→ PROBLEM DESCRIPTION
Exactly and only the lines below from the one containing "Black Geometric Area" down to the one containing "Gracias a ustedes" are wanted, both included; please exclude every picture.

→ DATA FOR THIS EXERCISE
****************************************
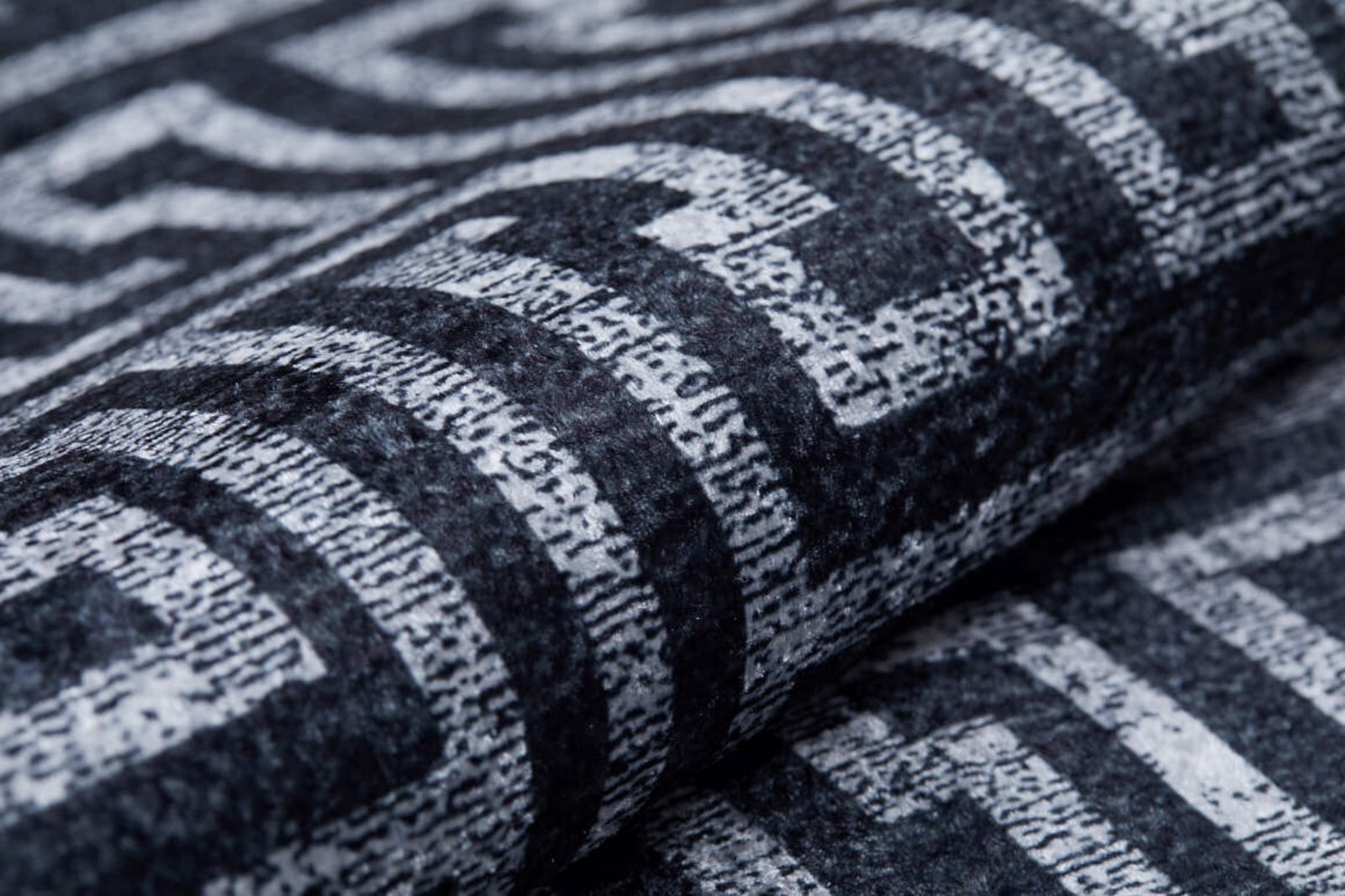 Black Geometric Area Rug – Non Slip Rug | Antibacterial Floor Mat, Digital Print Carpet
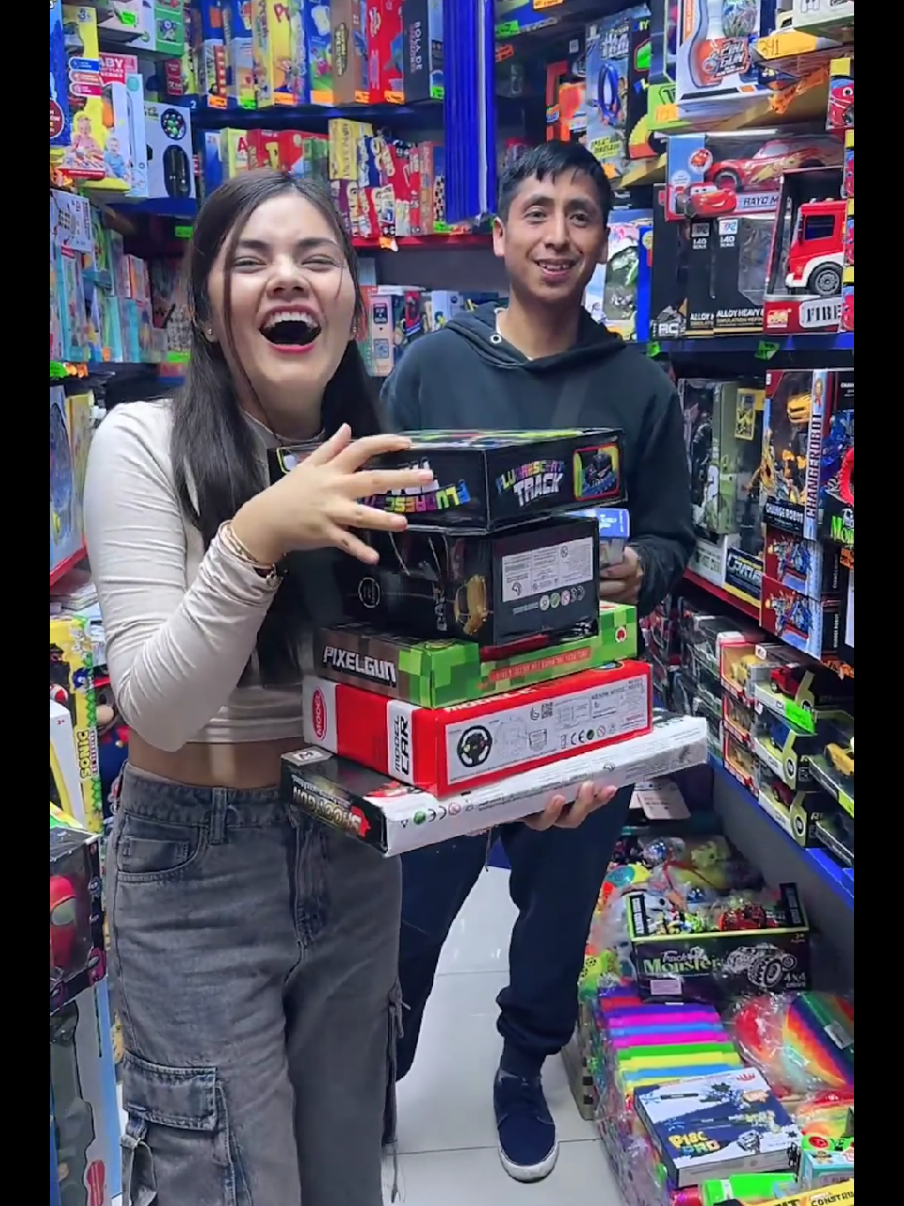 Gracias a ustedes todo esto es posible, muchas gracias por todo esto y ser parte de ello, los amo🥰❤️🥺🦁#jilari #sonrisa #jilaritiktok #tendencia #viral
****************************************
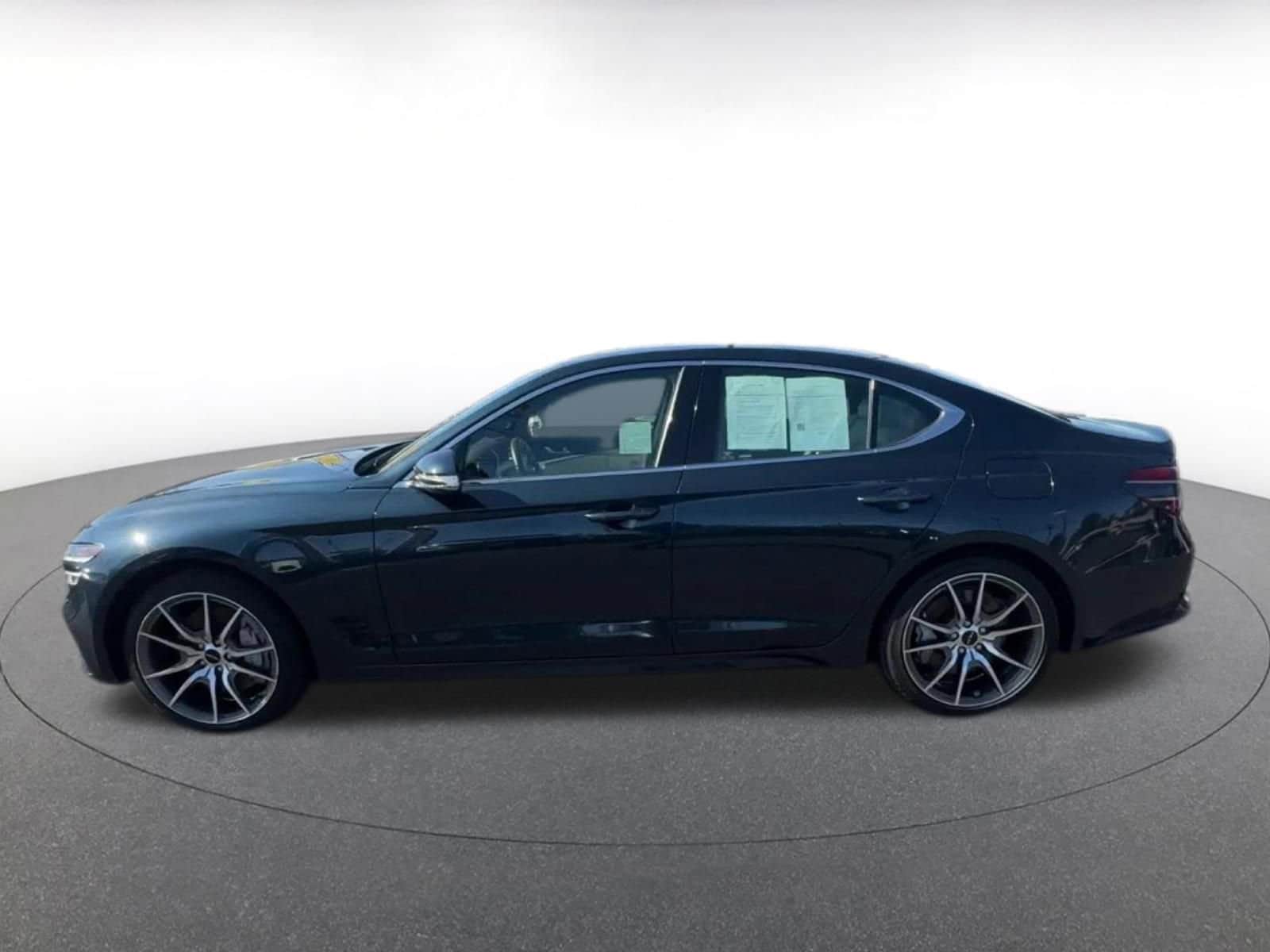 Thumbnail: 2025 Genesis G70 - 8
****************************************
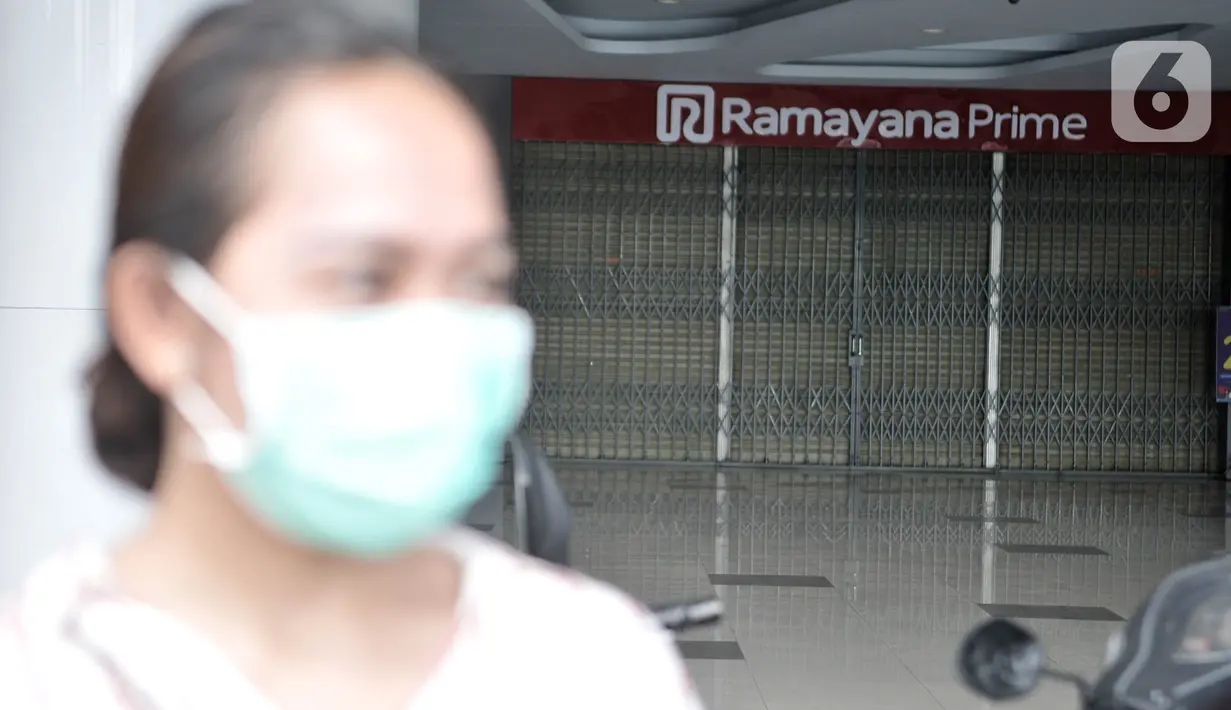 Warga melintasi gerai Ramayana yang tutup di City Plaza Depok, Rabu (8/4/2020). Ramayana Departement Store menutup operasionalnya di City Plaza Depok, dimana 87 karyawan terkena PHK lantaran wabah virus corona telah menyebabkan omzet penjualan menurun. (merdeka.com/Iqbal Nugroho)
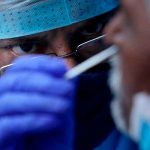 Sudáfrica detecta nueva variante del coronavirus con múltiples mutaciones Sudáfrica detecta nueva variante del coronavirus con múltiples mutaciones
****************************************
→ REPLY
 Black Geometric Area Rug – Non Slip Rug | Antibacterial Floor Mat, Digital Print Carpet
 Gracias a ustedes todo esto es posible, muchas gracias por todo esto y ser parte de ello, los amo🥰❤️🥺🦁#jilari #sonrisa #jilaritiktok #tendencia #viral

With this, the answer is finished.